時久はしばらく鬼鉄を手に睨んでいたが、やがて渋い表情で警戒を解いた。
「……逃げたな」
「どうします? 追いかけた方が――」
「追わなくていい」
「でも」
依頼では、工場に棲み着いている化物を一掃するよう指示されていた。
言葉を続けようとする吹雪を、時久が見下ろす。
相変わらず眉間に皺が寄っていて、その表情は険しい。だがそのまなざしはいつものように敵意が滲むものではなく、それどころかどこか気遣わしげに見える。

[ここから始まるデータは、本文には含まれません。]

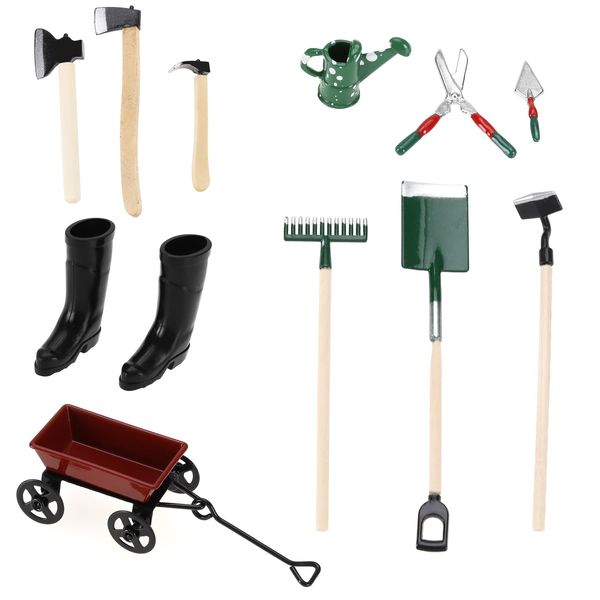 11Pcs 1:12 Dollhouse Working Accessories Dolls House Miniature Garden Set Shovel Rake and Spade Watering Can Pulling Cart Mini Cart Garden Tools for DIY Children Dolls House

いつもと異なる時久のまなざしにかすかな不安を感じ、吹雪は口を閉じた。
「……一つ聞きたいが、小娘」
「な、なんでしょう?」
吹雪は思わず姿勢を正す。
鬼鉄を肩に担ぎ、時久は目を細めて吹雪を見つめた。やはり、どこか心配そうに見える。
「……貴様、最近何か獣の声を聞いたか?」
「獣……?」
予想だにしなかった時久の問いかけに、吹雪は一瞬虚を突かれた。
しかしすぐにこめかみに手を当て、じっと考えこむ。
「獣は知りませんけど……犬の声なら、しょっちゅう聞こえますよ。この前の廃デパートでも、あんなにうるさかったじゃないですか」
「……あの、一週間前に行ったところか?」
時久はいっそう険しい表情になる。
その顔にさらに不安が強まり、吹雪は自分の手をぎゅっと握り合わせた。
「え、えぇ。それにさっきもずっと聞こえていたでしょう? 今はもう聞こえないですけど」
「俺には聞こえなかった」
「そんなバカな、すごい声で鳴いていましたよ。御堂さんが鈍感なだけじゃ――」
さすがに言いすぎたかと思い、吹雪は口を押さえた。
しかし時久は特に気にする様子もなく、渋い顔で顎を撫でている。
「……そうかも、しれんな」
「え?」
「俺は少し、目の前の戦いにのめり込みすぎるところがある――そのせいで、犬の声が聞こえていなかったのかもしれん」
あっさり自分の非を認める時久に、吹雪は思わず目を見開く。
それまで『自分の否定は一切許さない』といった言動をしていた時久の姿と、目の前で考え込む時久の姿には大きな隔たりがあった。
「あの、御堂さん……?」
「今日はもう帰るぞ」
「え、で、でも見回りとかは」
「意味がない」
鬼鉄を鞘にしまいつつ、時久はばっさりと言い切った。
吹雪はその言葉に眉をひそめる。
「……意味がない、とは?」
「もし『これ』が、俺の考えている奴の仕業だとすれば」
鷹揚な仕草で、時久は壁に突き刺さった三本の鉄骨を示す。
その次の言葉はひどく不穏な響きを伴って、吹雪の耳に刻みつけられた。